Yıllar sonra ve danışmanları tarafından yönlendirilen imparator, onu düğün gününe kadar görmemesine rağmen ülkenin en önemli generallerinden birinin kızı ile evlenmeye karar verdi. O gün yüzünü ilk kez görerek, gelecekteki karısının başında bir yara izi olduğunu, bir bebek gibi düşmesinin bir sonucu olduğunu keşfetti. Açıkçası: Tıpkı büyücünün tahmin ettiği gibi, hayatını paylaşacak olan kadın köylünün bebeğiydi.

3. Sakura ve Yohiro

En bilinen efsanelerden bir diğeri bize bir aşk hikayesinden kökenini ve çiçeklenmesini anlatıyor. Japonya'daki en güzel ve sembolik ağaçlardan biri: kiraz ağacı. Hikaye şöyle.

Efsaneye göre, uzun zaman önce, büyük savaş savaşları sırasında, güzel ağaçlarla dolu bir orman vardı. Hepsinde bol ve berrak bir cam vardı ve güzelliği ve teselli, ormandaki hiçbir çatışma yaşanmayacak şekilde yapıldı. Biri hariç: hiç çiçek açmamış genç bir örnek vardı ve kuru görünümü ve eskimiş görünümü nedeniyle kimse yaklaşmadı..

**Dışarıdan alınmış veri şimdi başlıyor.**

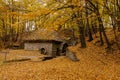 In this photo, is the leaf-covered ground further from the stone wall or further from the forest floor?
the stone wall

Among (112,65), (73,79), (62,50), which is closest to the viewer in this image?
(73,79)

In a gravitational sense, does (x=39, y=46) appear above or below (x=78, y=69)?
above

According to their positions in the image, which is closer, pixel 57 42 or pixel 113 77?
pixel 113 77

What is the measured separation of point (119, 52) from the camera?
16391mm

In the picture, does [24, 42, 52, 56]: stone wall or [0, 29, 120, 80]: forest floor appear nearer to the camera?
[0, 29, 120, 80]: forest floor

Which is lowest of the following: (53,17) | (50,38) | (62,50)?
(62,50)

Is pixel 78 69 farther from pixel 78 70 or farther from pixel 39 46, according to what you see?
pixel 39 46

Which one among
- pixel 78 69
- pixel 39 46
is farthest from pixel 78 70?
pixel 39 46

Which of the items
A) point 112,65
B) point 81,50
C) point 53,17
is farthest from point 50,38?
point 112,65

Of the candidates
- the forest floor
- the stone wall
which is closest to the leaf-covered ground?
the forest floor

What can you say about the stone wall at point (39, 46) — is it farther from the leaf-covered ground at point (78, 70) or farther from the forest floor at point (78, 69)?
the leaf-covered ground at point (78, 70)

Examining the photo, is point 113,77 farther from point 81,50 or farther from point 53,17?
point 81,50

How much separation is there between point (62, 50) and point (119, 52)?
59.7ft

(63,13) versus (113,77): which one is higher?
(63,13) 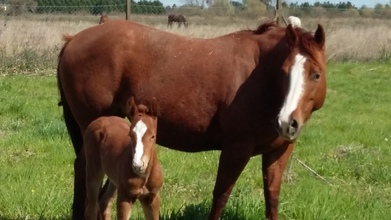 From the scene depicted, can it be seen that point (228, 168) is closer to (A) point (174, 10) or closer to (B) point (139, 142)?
(B) point (139, 142)

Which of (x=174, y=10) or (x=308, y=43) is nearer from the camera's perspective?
(x=308, y=43)

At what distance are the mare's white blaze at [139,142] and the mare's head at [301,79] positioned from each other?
1.00m

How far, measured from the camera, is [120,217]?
183 inches

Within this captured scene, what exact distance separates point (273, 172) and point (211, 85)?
87cm

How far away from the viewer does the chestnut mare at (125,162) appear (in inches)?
170

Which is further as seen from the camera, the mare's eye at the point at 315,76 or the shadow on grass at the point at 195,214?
the shadow on grass at the point at 195,214

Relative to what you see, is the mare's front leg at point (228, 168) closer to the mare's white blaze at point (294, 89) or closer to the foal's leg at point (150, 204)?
the mare's white blaze at point (294, 89)

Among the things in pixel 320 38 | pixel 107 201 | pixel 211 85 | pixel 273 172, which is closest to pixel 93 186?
pixel 107 201

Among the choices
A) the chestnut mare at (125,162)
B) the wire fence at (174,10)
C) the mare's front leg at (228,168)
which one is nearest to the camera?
the chestnut mare at (125,162)

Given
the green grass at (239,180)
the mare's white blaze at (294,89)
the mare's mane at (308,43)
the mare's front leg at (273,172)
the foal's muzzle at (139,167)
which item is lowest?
the green grass at (239,180)

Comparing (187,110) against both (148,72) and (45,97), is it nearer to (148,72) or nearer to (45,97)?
(148,72)

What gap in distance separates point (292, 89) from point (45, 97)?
7.97 meters

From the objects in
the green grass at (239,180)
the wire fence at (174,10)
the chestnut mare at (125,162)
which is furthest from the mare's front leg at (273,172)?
the wire fence at (174,10)

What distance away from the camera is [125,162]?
15.3 ft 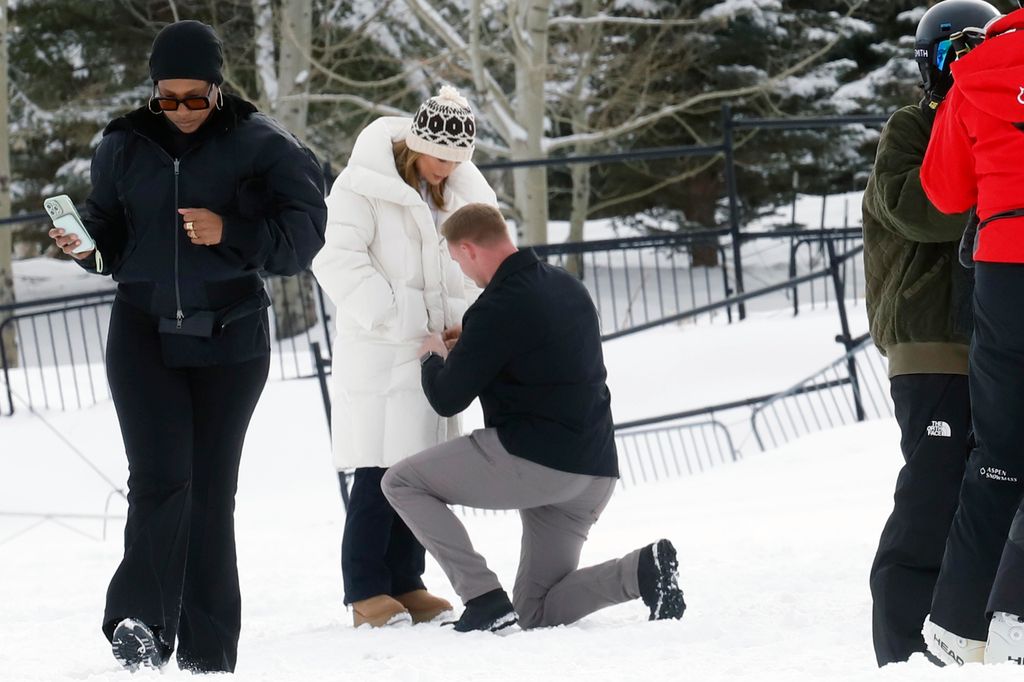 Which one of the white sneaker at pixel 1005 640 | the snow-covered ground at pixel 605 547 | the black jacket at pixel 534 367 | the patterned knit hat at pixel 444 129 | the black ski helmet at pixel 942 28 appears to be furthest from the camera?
the patterned knit hat at pixel 444 129

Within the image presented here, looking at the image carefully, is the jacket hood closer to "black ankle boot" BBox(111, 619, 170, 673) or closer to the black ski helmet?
the black ski helmet

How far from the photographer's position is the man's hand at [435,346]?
459 cm

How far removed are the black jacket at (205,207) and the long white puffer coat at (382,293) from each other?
0.96 meters

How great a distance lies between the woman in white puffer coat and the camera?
15.3 ft

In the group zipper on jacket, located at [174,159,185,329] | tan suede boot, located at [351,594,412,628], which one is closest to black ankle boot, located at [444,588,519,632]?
tan suede boot, located at [351,594,412,628]

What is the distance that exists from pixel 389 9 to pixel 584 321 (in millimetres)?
14604

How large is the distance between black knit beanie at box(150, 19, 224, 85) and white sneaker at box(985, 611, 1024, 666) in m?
2.17

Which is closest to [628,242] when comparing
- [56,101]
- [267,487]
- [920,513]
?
[267,487]

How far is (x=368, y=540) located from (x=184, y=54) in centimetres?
184

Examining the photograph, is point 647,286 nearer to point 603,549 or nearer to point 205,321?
point 603,549

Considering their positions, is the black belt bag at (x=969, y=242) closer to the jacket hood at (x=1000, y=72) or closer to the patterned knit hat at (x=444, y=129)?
the jacket hood at (x=1000, y=72)

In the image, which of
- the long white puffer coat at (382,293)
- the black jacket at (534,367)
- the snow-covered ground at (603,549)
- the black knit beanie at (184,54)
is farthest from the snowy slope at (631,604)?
the black knit beanie at (184,54)

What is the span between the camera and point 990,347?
9.48 feet

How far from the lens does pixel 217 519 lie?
3.74 metres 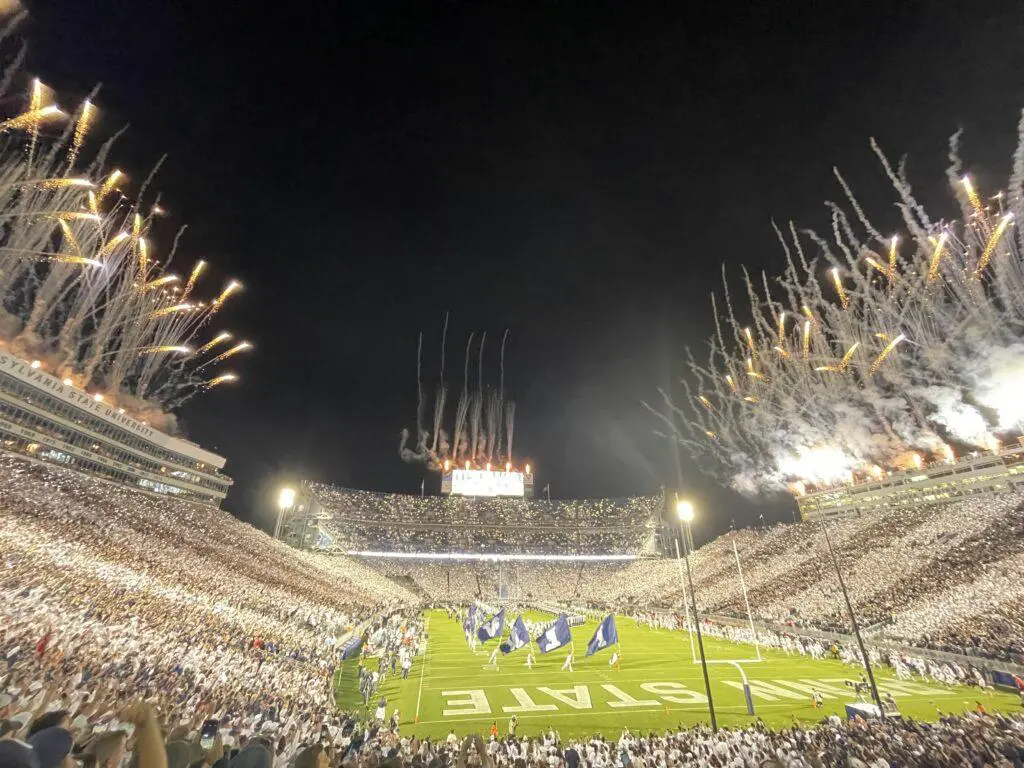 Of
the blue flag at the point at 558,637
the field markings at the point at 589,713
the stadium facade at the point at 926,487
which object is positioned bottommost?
the field markings at the point at 589,713

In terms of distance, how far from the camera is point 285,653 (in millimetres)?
22453

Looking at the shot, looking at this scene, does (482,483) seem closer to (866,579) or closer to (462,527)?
(462,527)

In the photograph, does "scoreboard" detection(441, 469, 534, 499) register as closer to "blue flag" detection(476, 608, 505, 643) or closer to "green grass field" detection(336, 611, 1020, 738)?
"green grass field" detection(336, 611, 1020, 738)

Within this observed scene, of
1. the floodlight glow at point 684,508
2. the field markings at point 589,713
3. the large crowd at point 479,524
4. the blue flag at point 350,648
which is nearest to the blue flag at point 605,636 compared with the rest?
the field markings at point 589,713

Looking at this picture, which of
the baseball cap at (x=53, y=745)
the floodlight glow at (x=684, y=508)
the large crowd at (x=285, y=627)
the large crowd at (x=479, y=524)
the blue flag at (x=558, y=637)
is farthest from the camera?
the large crowd at (x=479, y=524)

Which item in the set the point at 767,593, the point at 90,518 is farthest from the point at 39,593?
the point at 767,593

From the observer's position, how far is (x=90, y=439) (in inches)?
2060

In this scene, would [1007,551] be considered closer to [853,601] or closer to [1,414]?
[853,601]

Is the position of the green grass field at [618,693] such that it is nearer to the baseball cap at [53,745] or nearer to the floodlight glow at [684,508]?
the floodlight glow at [684,508]

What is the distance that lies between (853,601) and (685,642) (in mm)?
14041

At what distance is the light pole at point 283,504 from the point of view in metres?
79.6

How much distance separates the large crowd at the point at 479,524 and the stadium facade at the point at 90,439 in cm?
2192

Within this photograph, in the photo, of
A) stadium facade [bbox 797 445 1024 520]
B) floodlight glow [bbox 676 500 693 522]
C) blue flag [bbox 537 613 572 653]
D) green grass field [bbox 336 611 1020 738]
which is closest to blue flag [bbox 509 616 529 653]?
green grass field [bbox 336 611 1020 738]

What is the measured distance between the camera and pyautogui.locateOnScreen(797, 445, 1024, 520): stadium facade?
5303 cm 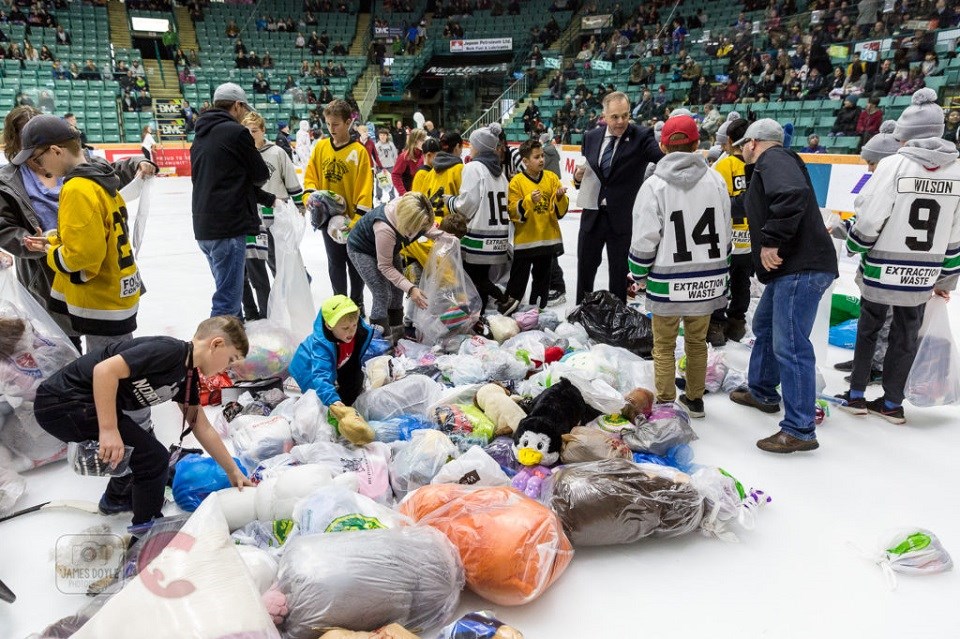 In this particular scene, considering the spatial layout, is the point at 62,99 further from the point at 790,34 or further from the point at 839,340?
the point at 839,340

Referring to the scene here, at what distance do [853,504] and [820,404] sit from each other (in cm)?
90

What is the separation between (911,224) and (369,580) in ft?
9.41

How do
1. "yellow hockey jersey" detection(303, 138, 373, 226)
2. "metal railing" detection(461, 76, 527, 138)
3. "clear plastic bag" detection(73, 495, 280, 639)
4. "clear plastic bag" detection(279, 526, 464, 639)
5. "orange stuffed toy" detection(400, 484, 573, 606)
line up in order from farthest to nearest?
"metal railing" detection(461, 76, 527, 138) → "yellow hockey jersey" detection(303, 138, 373, 226) → "orange stuffed toy" detection(400, 484, 573, 606) → "clear plastic bag" detection(279, 526, 464, 639) → "clear plastic bag" detection(73, 495, 280, 639)

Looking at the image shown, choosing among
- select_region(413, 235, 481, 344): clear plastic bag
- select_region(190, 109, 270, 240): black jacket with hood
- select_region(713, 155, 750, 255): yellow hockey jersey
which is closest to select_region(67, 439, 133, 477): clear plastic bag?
select_region(190, 109, 270, 240): black jacket with hood

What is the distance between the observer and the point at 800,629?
1902mm

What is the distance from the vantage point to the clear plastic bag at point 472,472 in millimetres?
2371

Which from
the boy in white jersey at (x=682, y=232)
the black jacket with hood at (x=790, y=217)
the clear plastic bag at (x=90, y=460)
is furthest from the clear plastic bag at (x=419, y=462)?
the black jacket with hood at (x=790, y=217)

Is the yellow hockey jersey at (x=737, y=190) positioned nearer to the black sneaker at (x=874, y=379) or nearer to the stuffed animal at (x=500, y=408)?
the black sneaker at (x=874, y=379)

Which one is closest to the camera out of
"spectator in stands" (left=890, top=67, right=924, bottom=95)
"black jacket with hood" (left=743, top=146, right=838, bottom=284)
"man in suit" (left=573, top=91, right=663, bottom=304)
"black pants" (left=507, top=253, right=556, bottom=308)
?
"black jacket with hood" (left=743, top=146, right=838, bottom=284)

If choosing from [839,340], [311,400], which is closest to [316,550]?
[311,400]

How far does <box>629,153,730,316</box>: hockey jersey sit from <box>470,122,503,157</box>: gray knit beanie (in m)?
1.61

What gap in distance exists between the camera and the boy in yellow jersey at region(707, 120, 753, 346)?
165 inches

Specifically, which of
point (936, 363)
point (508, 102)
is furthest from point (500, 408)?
point (508, 102)

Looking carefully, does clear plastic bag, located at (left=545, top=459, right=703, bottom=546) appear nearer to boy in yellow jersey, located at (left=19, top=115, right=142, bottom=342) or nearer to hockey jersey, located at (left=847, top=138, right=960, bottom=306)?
hockey jersey, located at (left=847, top=138, right=960, bottom=306) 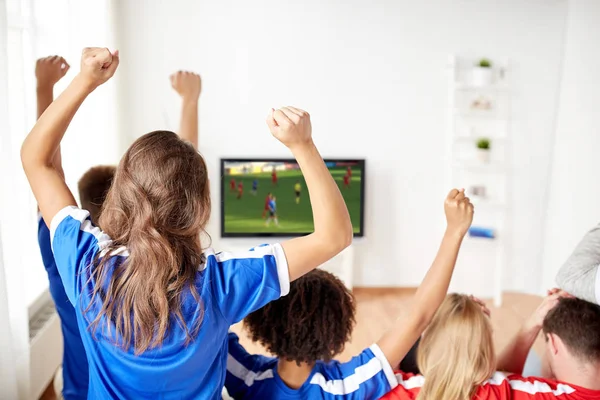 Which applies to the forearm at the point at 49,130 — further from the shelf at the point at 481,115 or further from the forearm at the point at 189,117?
the shelf at the point at 481,115

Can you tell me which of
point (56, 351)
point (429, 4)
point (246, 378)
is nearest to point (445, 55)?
point (429, 4)

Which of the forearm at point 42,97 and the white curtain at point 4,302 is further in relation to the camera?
the white curtain at point 4,302

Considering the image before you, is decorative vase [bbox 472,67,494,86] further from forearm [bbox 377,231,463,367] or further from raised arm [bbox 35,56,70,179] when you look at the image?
raised arm [bbox 35,56,70,179]

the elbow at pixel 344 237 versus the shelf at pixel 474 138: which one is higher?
the shelf at pixel 474 138

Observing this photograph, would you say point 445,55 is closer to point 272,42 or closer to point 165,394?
point 272,42

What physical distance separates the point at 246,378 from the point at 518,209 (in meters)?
3.69

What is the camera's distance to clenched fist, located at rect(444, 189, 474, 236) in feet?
4.42

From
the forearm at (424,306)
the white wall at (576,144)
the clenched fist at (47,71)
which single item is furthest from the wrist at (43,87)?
the white wall at (576,144)

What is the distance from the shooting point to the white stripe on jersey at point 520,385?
1.42 meters

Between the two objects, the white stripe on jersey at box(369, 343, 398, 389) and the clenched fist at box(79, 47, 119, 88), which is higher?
the clenched fist at box(79, 47, 119, 88)

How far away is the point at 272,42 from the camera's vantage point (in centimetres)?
435

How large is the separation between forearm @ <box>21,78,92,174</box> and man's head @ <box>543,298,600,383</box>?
48.3 inches

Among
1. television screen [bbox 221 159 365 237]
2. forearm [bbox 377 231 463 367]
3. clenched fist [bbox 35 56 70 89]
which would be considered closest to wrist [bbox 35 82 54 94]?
clenched fist [bbox 35 56 70 89]

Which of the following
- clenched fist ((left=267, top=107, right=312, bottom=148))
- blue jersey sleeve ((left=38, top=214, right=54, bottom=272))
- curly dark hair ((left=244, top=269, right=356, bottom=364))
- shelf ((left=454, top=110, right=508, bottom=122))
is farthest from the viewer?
shelf ((left=454, top=110, right=508, bottom=122))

Bir gün ağacın durumunu gören bir peri taşındı ve yardım etmeye karar verdi: Ağaca yirmi yıl boyunca insan kalbi gibi hissedebileceği bir büyü yapmasını önerdi, duygu deneyiminin onu geliştiği umuduyla. Ayrıca bu dönemde irade bir insan haline gelebilir. Ancak, o yıllardan sonra iyileşemez ve gelişemezse ölür..

Büyüyü kabul ettikten ve hissetme ve dönüşüm kabiliyetini aldıktan sonra ağaç insan dünyasına girmeye başladı. Bulduğu şey savaş ve ölümdü, uzun zamandır onlardan uzak durmasını sağlayan bir şeydi. Yıllar geçti ve ağaç umut kaybediyordu. Bununla birlikte, bir gün insan olduğu zaman, ağaç, ona büyük bir nezaketle davranan güzel bir genç kadının akışında bulundu. Sakura ile ilgiliydi, kiminle evine su getirmesine yardım ettikten sonra uzun bir konuşma yaptı savaşın durumu ve dünya hakkında.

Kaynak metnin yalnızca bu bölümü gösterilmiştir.